June 4th, 10:45 a.m.
Lora Powell-Haney – “Blooming with Delight: 100 Years of Flower Ceremony”
This June 4 marks the centennial of the first Flower Ceremony or Flower Communion, created by Czechoslovakian Unitarian minister, the Rev. Norbert Capek (CHOP-ek). We celebrate this beloved ceremony even in the midst of uncertainty and fear, just as people have done around the world since 1923. We’ll practice joy as an act of resistance. Please bring a flower to share, from your garden or roadside or market.
June 11th, 10:45 a.m.
JD Stillwater – “Befriending the Thief: Remembering Mary Oliver”
Death is a thief that steals our loved ones, breaks our hearts, and ravages our lives. One of life’s few guarantees, death will come for each of us in time. What good is it? The natural world offer hints at deeper purposes that might help us befriend Death. Mary Oliver’s poetry often touched on death as integral to life, and when enriched by understandings from science, her beautiful words inspire a new, friendlier relationship with it.
June 18th, 10:45 a.m.
Barbara Hurd – “Seeds in the Time of our Waning: how we see when grief is what we feel.”

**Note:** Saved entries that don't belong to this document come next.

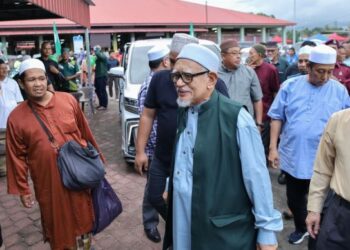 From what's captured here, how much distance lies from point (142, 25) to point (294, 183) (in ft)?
90.6

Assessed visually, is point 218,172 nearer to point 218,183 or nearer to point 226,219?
point 218,183

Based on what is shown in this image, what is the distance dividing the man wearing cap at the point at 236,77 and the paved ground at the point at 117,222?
1322 mm

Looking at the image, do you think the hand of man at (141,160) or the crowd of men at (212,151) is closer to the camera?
the crowd of men at (212,151)

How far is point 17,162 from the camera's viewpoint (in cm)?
309

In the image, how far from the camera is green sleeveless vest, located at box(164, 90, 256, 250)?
201 cm

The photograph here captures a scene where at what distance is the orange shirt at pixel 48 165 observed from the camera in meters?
3.04

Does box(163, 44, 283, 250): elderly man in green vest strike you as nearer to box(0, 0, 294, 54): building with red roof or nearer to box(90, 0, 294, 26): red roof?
box(0, 0, 294, 54): building with red roof

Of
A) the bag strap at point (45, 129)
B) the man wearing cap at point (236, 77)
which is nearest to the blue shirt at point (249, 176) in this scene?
the bag strap at point (45, 129)

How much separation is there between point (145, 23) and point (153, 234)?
2713cm

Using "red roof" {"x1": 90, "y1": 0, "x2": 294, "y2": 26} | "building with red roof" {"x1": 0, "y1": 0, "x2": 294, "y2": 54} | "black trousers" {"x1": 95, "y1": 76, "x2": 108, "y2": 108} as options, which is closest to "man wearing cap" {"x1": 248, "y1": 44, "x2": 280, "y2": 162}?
"black trousers" {"x1": 95, "y1": 76, "x2": 108, "y2": 108}

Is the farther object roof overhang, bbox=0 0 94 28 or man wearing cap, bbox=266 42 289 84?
man wearing cap, bbox=266 42 289 84

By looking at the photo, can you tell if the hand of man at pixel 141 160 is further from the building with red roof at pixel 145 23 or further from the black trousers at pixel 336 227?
the building with red roof at pixel 145 23

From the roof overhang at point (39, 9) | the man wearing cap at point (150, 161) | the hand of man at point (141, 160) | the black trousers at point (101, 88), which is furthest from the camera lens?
the black trousers at point (101, 88)

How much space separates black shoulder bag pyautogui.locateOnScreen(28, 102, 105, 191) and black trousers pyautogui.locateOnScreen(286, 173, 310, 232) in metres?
1.78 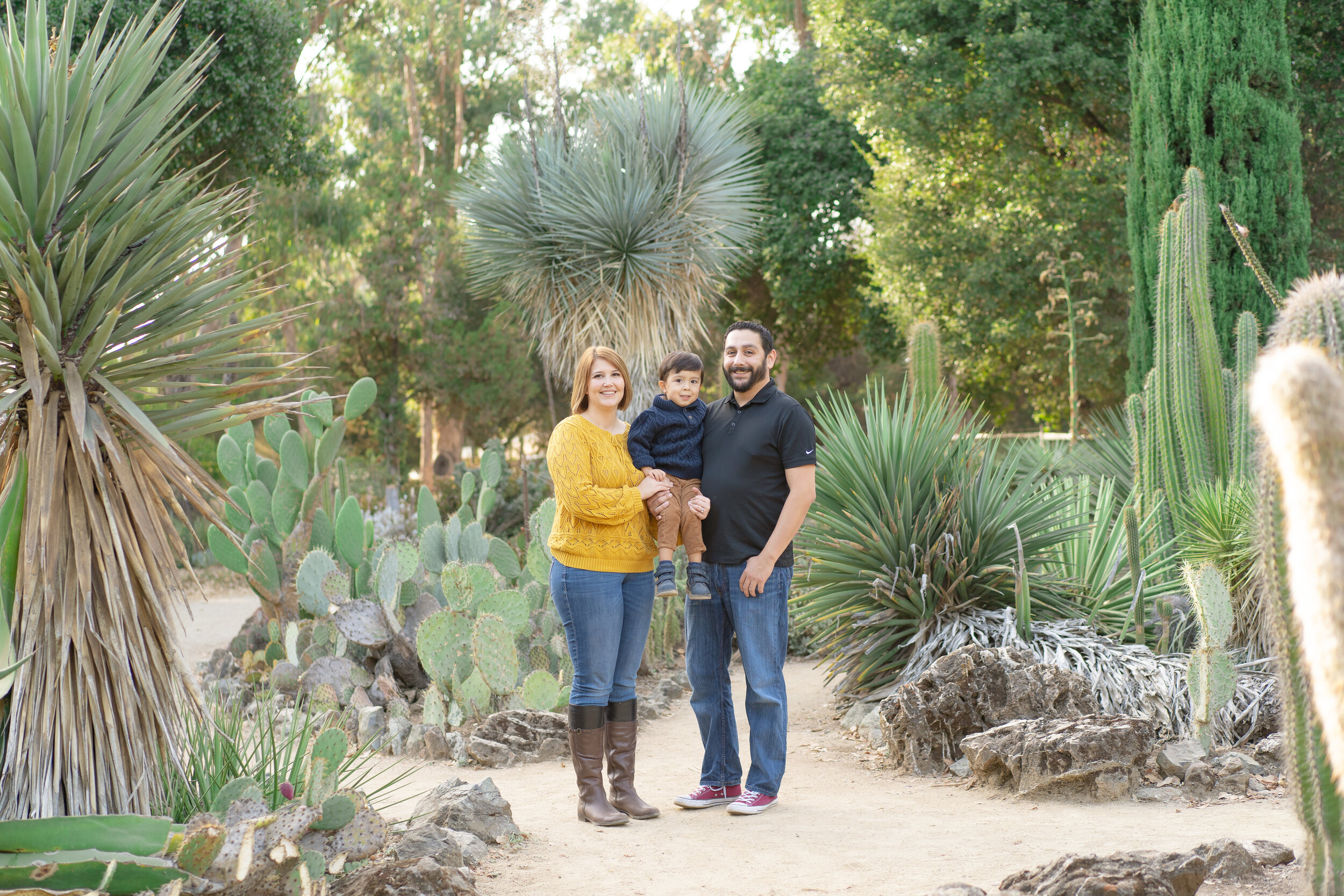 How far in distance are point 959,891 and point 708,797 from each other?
5.09 ft

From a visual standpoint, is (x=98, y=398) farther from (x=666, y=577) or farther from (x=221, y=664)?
(x=221, y=664)

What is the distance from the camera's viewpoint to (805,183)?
16.7 meters

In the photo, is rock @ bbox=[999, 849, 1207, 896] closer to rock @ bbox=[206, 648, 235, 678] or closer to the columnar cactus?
the columnar cactus

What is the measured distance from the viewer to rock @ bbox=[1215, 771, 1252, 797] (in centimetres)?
410

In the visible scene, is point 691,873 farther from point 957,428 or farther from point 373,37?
point 373,37

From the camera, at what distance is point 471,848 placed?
3.42 metres

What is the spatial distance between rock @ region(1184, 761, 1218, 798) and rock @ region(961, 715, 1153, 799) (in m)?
0.17

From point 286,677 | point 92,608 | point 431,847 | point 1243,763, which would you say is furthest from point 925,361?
point 92,608

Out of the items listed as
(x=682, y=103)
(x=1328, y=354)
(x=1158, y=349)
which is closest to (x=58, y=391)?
(x=1328, y=354)

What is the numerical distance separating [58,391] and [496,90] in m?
22.3

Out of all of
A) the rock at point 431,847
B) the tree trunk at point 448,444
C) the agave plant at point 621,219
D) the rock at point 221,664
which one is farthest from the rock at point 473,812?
the tree trunk at point 448,444

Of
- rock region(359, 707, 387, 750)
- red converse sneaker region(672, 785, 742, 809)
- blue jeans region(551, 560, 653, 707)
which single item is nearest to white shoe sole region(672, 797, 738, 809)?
red converse sneaker region(672, 785, 742, 809)

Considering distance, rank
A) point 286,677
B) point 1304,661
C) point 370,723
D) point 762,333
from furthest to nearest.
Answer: point 286,677, point 370,723, point 762,333, point 1304,661

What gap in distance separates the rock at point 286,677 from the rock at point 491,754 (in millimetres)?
1380
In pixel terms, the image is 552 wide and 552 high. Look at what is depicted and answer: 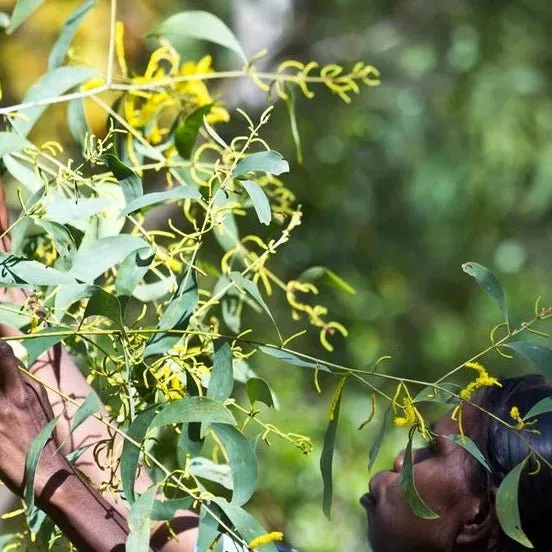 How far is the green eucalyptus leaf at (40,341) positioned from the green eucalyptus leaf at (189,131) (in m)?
0.28

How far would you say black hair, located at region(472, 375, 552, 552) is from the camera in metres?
1.14

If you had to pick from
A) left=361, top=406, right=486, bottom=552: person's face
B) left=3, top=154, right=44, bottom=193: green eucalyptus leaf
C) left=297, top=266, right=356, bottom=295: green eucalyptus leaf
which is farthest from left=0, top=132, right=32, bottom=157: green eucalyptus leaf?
left=361, top=406, right=486, bottom=552: person's face

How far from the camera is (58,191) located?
3.89 feet

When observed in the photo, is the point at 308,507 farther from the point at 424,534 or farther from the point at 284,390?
the point at 424,534

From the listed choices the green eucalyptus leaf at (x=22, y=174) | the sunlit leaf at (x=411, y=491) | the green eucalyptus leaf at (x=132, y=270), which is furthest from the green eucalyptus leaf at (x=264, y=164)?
the green eucalyptus leaf at (x=22, y=174)

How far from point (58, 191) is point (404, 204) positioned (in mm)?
4041

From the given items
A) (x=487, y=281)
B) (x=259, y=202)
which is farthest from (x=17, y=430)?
(x=487, y=281)

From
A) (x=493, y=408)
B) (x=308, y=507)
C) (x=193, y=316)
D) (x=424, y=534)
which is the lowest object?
(x=308, y=507)

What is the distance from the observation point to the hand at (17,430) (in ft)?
3.34

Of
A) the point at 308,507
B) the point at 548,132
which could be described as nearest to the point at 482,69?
the point at 548,132

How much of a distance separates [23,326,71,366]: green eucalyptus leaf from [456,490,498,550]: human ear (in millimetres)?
416

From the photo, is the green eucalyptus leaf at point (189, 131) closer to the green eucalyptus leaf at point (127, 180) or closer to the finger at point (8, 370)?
the green eucalyptus leaf at point (127, 180)

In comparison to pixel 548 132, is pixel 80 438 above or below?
above

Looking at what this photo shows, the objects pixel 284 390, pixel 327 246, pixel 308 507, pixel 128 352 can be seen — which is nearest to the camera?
pixel 128 352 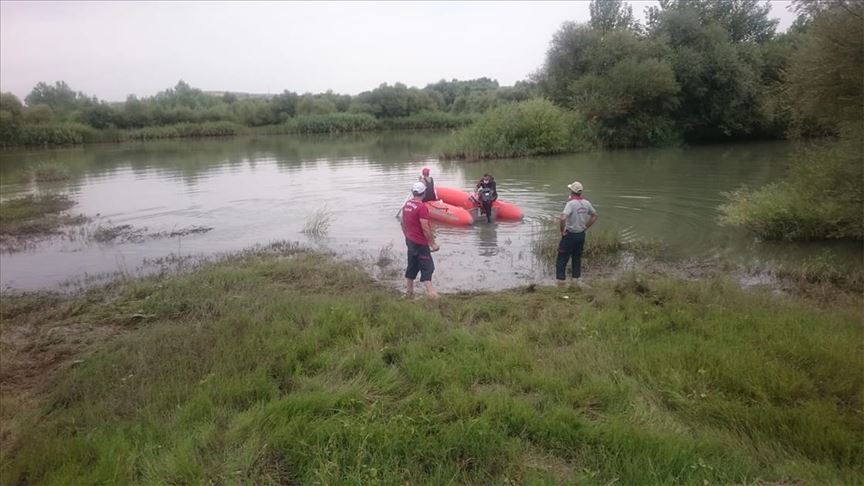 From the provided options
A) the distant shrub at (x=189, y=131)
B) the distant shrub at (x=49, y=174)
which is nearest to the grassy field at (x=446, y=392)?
the distant shrub at (x=49, y=174)

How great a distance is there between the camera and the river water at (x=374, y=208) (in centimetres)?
1099

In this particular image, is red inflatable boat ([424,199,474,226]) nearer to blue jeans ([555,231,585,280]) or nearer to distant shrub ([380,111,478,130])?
blue jeans ([555,231,585,280])

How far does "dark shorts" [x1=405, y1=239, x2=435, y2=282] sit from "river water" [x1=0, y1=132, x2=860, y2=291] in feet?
2.95

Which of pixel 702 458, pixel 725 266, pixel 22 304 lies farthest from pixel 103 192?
pixel 702 458

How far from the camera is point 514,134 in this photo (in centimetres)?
3209

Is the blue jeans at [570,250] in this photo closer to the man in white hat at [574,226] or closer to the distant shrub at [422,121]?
the man in white hat at [574,226]

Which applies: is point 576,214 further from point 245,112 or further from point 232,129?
point 245,112

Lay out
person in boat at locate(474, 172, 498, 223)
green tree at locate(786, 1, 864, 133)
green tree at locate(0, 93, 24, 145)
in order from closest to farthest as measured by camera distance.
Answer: green tree at locate(786, 1, 864, 133), person in boat at locate(474, 172, 498, 223), green tree at locate(0, 93, 24, 145)

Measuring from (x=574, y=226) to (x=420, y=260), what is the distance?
246cm

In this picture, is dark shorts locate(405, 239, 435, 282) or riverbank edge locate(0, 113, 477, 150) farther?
riverbank edge locate(0, 113, 477, 150)

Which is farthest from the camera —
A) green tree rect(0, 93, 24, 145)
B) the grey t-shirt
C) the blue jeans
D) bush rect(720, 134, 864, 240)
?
green tree rect(0, 93, 24, 145)

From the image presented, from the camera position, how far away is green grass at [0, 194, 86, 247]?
47.3ft

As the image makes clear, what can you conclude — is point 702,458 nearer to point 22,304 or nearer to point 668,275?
point 668,275

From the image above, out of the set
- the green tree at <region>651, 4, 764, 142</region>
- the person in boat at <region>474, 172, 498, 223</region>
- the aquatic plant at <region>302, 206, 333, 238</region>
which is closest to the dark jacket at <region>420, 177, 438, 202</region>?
the person in boat at <region>474, 172, 498, 223</region> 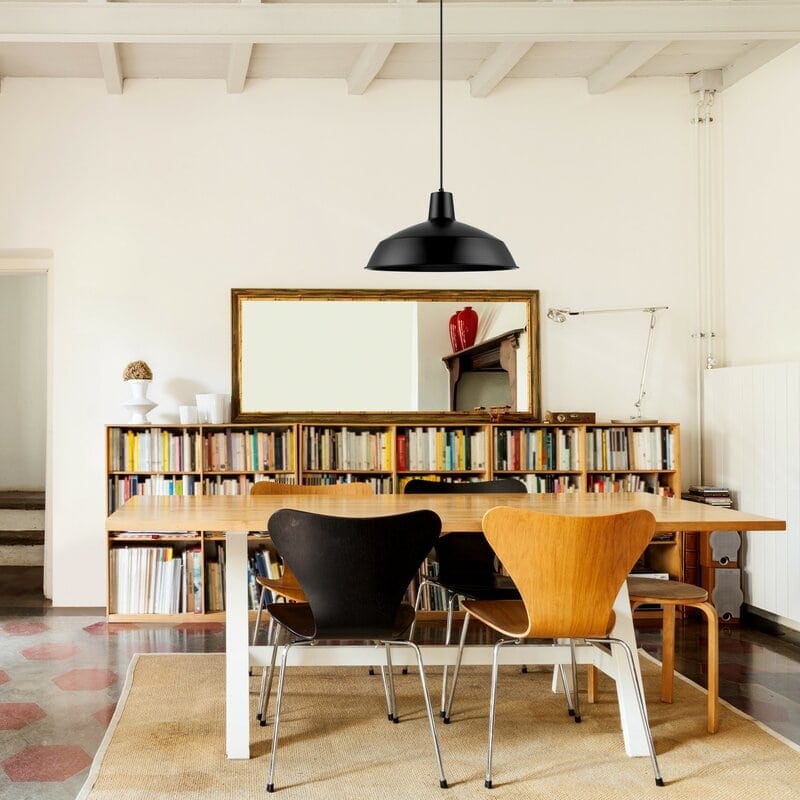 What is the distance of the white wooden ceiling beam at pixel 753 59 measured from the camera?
571 centimetres

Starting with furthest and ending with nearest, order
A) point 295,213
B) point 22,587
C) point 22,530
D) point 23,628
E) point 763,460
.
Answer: point 22,530
point 22,587
point 295,213
point 763,460
point 23,628

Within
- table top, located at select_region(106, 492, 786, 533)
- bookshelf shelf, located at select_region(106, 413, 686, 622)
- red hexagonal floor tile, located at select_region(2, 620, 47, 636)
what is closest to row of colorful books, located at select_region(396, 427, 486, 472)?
bookshelf shelf, located at select_region(106, 413, 686, 622)

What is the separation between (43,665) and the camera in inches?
189

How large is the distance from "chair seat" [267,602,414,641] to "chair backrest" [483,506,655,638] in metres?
0.47

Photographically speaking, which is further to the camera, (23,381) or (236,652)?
(23,381)

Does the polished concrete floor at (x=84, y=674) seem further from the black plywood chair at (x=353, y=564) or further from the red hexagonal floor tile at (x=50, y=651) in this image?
the black plywood chair at (x=353, y=564)

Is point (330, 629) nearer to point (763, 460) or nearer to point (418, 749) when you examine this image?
point (418, 749)

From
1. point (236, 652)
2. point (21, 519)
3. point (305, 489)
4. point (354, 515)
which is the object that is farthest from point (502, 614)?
point (21, 519)

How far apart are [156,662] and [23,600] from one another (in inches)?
81.3

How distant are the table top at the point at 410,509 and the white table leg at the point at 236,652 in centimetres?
16

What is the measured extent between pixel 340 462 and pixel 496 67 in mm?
2623

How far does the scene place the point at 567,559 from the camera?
3283 mm

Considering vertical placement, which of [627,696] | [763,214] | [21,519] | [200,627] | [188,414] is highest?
[763,214]

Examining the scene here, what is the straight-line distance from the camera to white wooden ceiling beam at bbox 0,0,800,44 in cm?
504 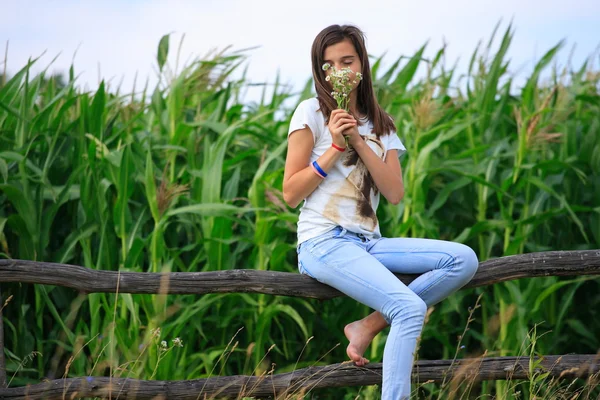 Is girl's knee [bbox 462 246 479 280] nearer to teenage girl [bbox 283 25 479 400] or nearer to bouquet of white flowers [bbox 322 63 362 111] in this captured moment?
teenage girl [bbox 283 25 479 400]

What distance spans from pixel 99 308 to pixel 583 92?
3472mm

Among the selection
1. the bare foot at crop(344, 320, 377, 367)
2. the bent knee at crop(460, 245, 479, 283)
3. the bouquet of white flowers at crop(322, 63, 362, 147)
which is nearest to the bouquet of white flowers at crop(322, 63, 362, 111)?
the bouquet of white flowers at crop(322, 63, 362, 147)

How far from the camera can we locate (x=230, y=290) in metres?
2.76

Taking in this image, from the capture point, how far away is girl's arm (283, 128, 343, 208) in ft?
8.43

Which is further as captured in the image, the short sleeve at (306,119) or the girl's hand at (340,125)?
the short sleeve at (306,119)

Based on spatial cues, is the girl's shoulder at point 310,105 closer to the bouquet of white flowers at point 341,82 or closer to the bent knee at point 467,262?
the bouquet of white flowers at point 341,82

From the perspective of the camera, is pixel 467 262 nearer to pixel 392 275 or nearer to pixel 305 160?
pixel 392 275

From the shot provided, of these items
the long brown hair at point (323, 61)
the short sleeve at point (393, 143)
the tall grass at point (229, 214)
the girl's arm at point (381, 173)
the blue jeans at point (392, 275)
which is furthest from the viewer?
the tall grass at point (229, 214)

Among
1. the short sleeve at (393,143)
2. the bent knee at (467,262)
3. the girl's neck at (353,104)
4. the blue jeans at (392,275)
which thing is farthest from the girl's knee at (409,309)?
the girl's neck at (353,104)

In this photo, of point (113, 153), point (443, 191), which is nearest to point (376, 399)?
point (443, 191)

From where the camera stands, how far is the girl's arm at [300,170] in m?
2.57

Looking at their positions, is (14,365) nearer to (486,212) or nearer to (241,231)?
(241,231)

How does personal loss affect how we perceive the world? What happens to our sense of time and attention to detail? Using my own recent experience with grief, I’ll consider those questions and the larger ones: might loss on a global scale induce griefs we’re not even aware of? If so, how does that unacknowledged grief alter how we see the world?
June 25th, 10:45 a.m.
Thomas Bowling – “The Wall of the Mind”
Our speaker for this service will be Tom Bowling, Vice President for Student Affairs, Emeritus at Frostburg State University. During a study-tour of German universities almost 30 years ago, Tom was introduced to the idea that, although the Berlin Wall had come down and the country was reunified, the former East Germans and West Germans were still divided by a “Wall of the Mind.” The program will further explore this concept and how such “walls” have only gotten taller and thicker. We will discuss how education, by celebrating science, curiosity, and information literacy, can play a key role in tearing down these walls that are dividing us.